Aim of the task | Everything from the line with "Wooden Disposable Plates" to the end of the data below, both lines included, should be transcribed exactly; please omit the pictures.

Data shown |
+-------+
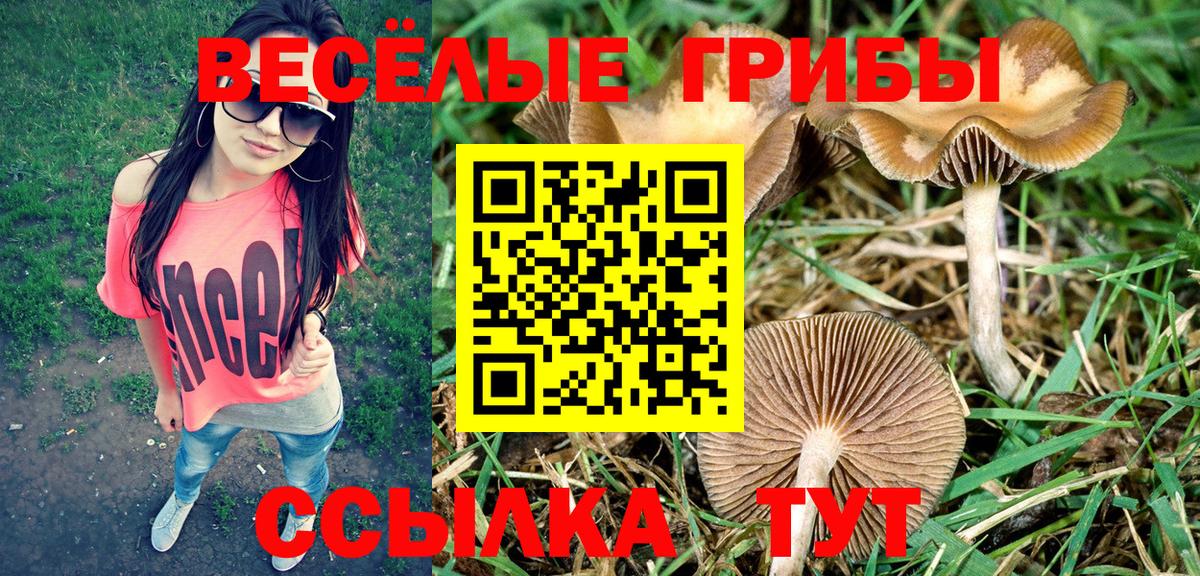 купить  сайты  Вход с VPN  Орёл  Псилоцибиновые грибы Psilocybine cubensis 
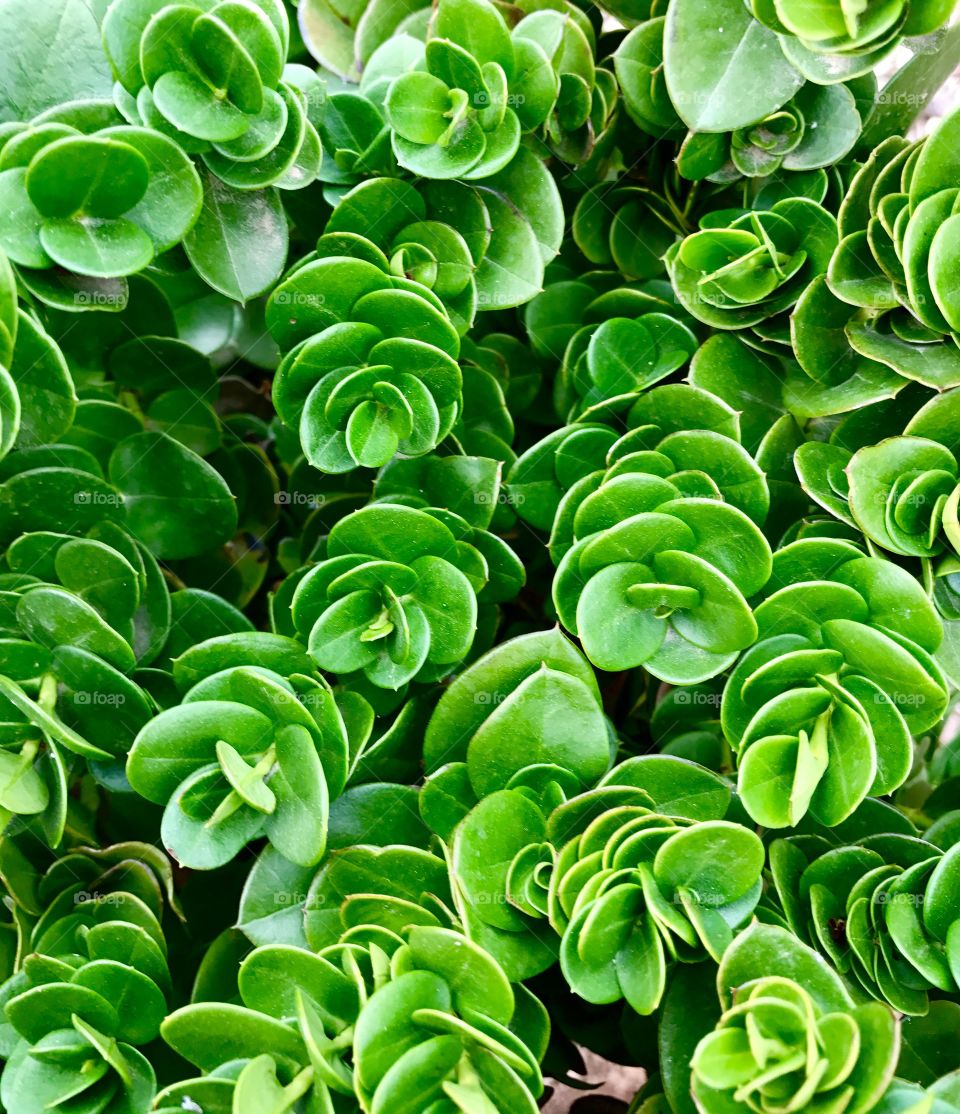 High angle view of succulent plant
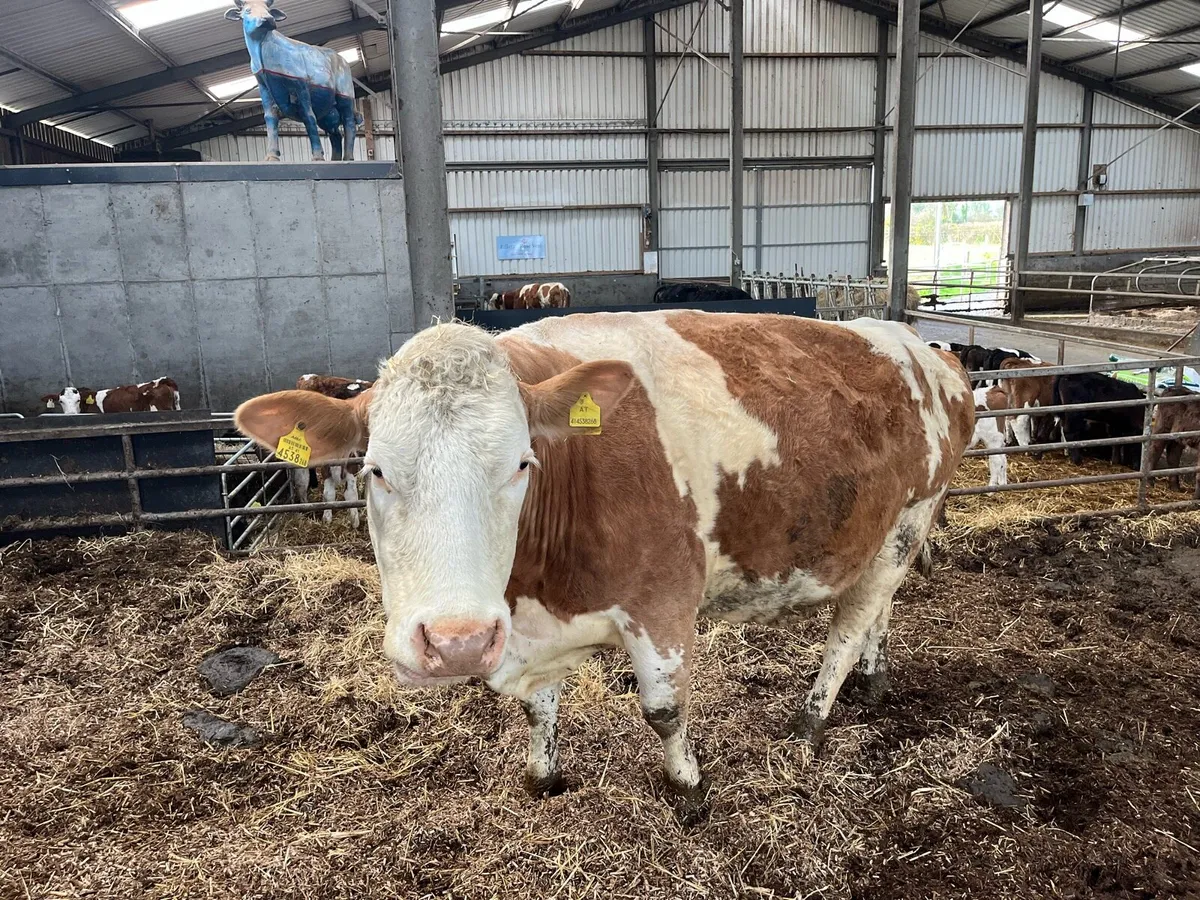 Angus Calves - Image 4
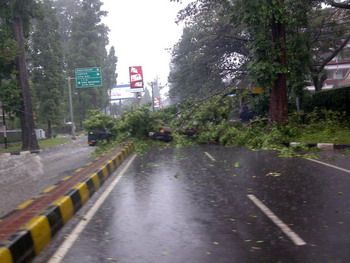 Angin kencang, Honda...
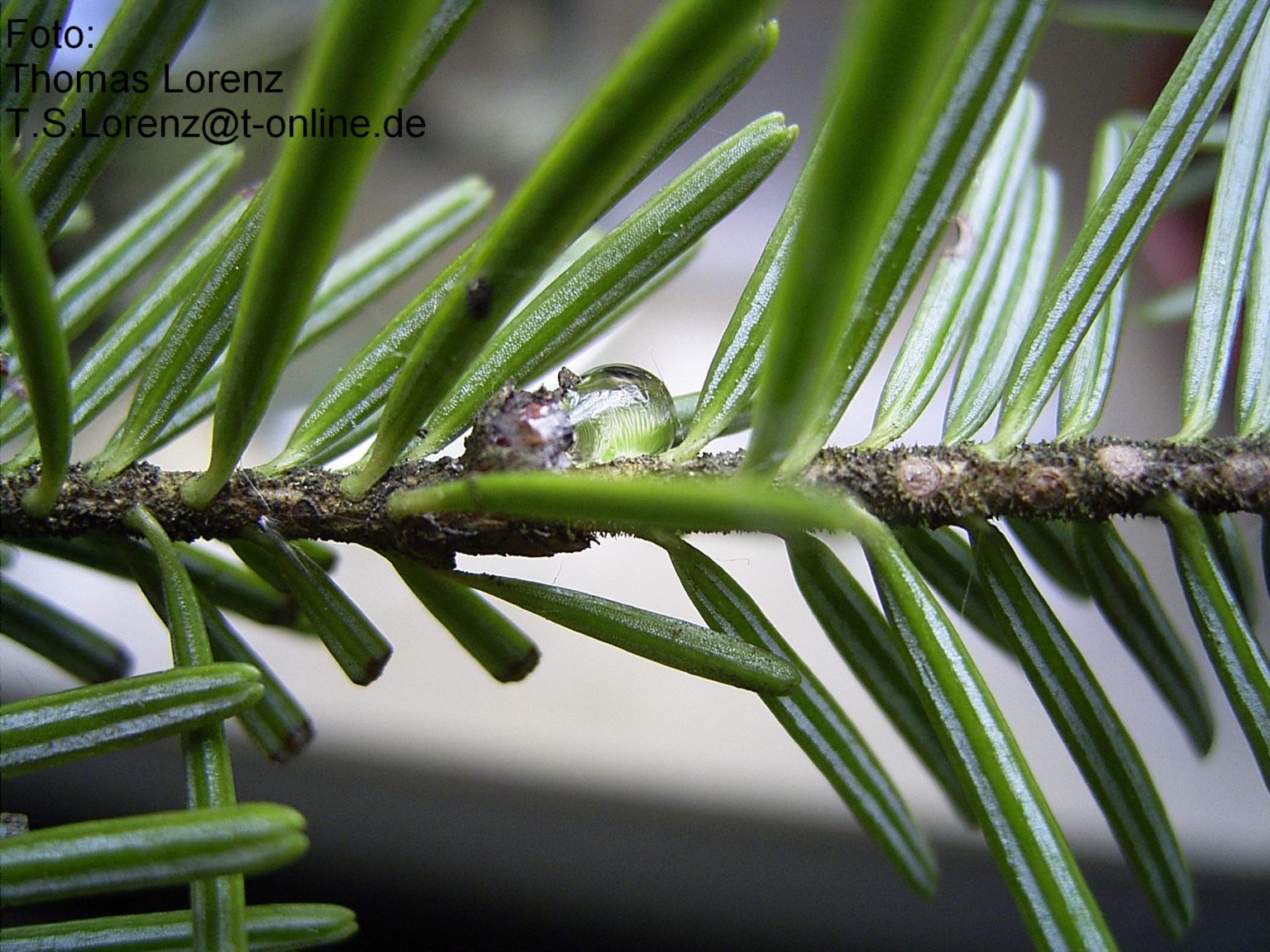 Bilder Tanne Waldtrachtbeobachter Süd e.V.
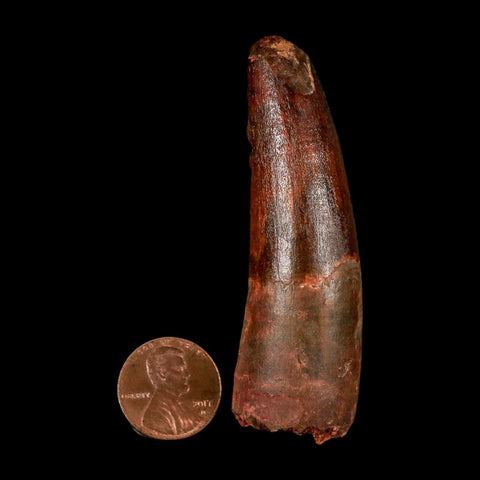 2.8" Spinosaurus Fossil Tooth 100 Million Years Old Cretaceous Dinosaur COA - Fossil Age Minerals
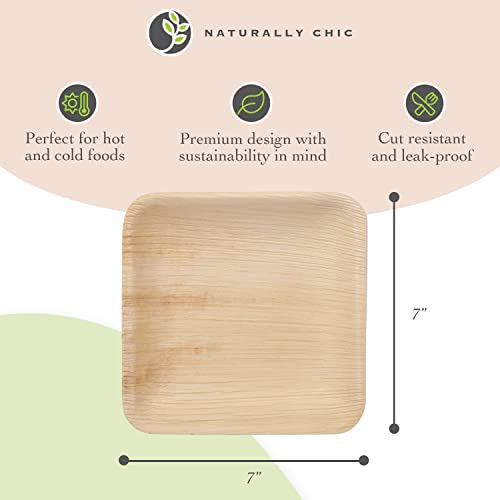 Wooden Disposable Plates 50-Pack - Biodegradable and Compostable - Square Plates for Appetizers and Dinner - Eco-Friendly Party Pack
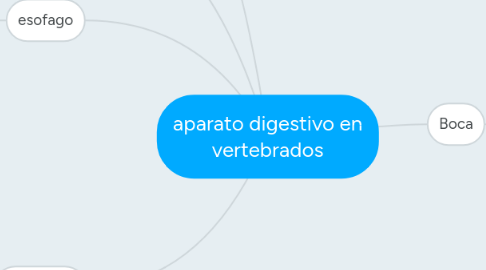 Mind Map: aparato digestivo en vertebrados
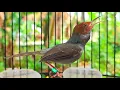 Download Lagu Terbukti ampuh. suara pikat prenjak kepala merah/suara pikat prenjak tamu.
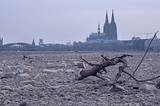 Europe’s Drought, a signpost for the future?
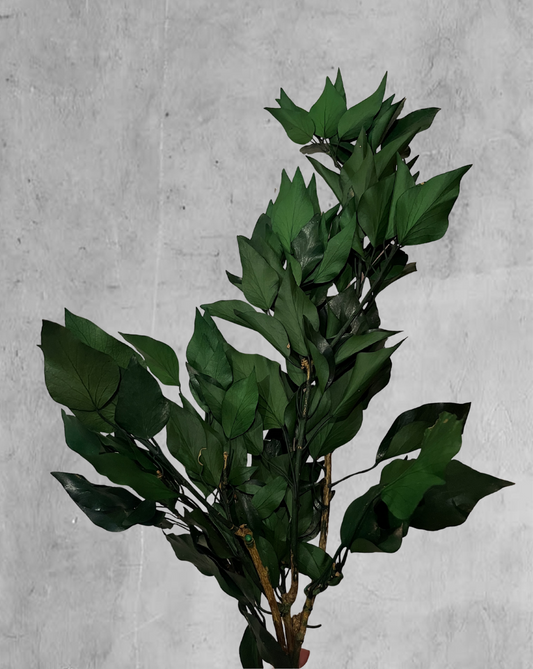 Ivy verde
+-------+
Expected output |
 Wooden Disposable Plates 50-Pack - Biodegradable and Compostable - Square Plates for Appetizers and Dinner - Eco-Friendly Party Pack
 Mind Map: aparato digestivo en vertebrados
 Download Lagu Terbukti ampuh. suara pikat prenjak kepala merah/suara pikat prenjak tamu.
 Europe’s Drought, a signpost for the future?
 Ivy verde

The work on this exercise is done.